Heavily inspired by Nicolas Winding Refn’s brilliant 2011 film, Drive, the game places you in the role of an animal mask-wearing hitman dubbed “Jacket.” At the beginning of each chapter, Jacket receives an anonymous phone call in which he is told to “pick up the laundry” or something similar — essentially code for “go to this location and massacre everyone there.”
Every location is stacked with enemies that will kill you with one hit. It takes some serious trial-and-error to develop a successful strategy for making it through each level. As such, Hotline Miami feels most like a puzzle game. You can’t just go in guns-a-blazin’ and expect to win. Every level requires meticulous thinking and quick reactions, because not everything will go as planned.
Before each chapter, Jacket is given the option to select a new animal mask. Each mask has its own perk (i.e. increased ammo, one shot doesn’t kill, etc.), and using the right one is crucial to succeed. There are a number of weapons in each level, most of which can be picked up after killing an enemy. Guns are a popular choice, obviously best for long-range targets, but there are a number of melee weapons (i.e. baseball bats, machetes) that can be used for up-close brawls.
Deaths in this game aren’t pretty. Enemies fall down in a pool of their own blood, with body parts often flying aross the room. Hotline Miami doesn’t glorify violence, however — it makes you question just what the hell you’re doing. After successfully wiping out everyone in a chapter, the game forces Jacket to walk back through every area, observing the carnage he has created. It feels like a punishment for following through with these anonymous jobs. Who is calling in these requests, and why is Jacket accepting them?
At times, the violence can get to be too much, and I found myself needing to take a break much more often than usual. Chapters are quick, intense affairs, and they require extreme precision. It’s a physically and mentally demanding experience, but the well-refined gameplay kept me coming back for more.

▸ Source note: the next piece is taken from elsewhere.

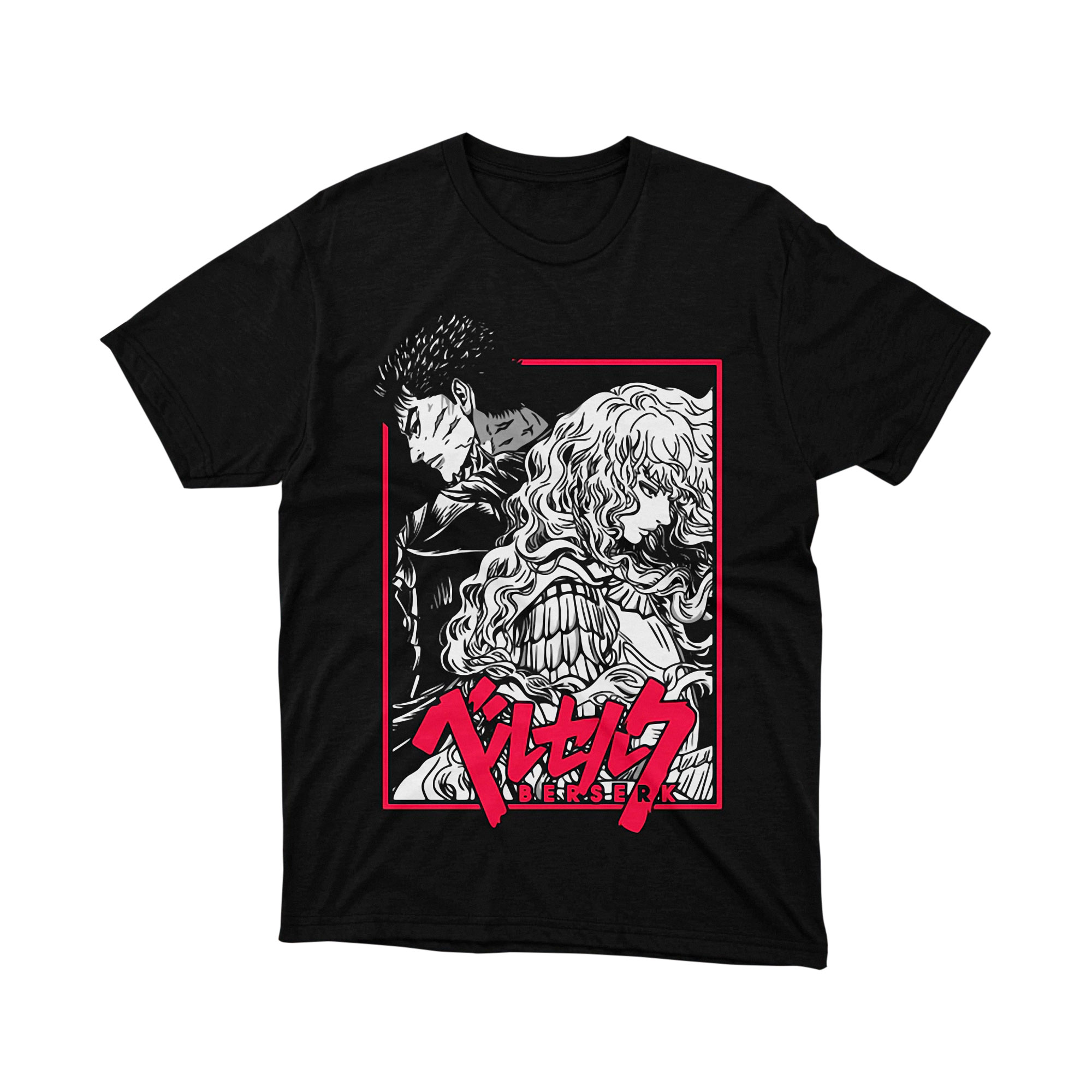 Berserk Guts and Griffith Duo T-Shirt, Manga Graphic Tee, Japanese Comic Anime Shirt, Black White Art Gift for Fans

It also helps that Hotline Miami is undeniably stylish. The top-down view shows off its gorgeously retro pixelated graphics, and the 80s setting lends way to some sizzling neon colors. The soundtrack is also a perfect fit for the on-screen action, and the music is very, very similar to that found in Drive (whose soundtrack I included in my top 25 albums of 2011). Seriously, the music is amazing, and the intense gameplay really feeds off the frenetic energy the tunes provide. In an awesome moment of generosity, the soundtrack can even be listened to in its entirety online.
There has been a lot of buzz surrounding Hotline Miami, and all of it has been deserved. Quite frankly, there isn’t another game like this.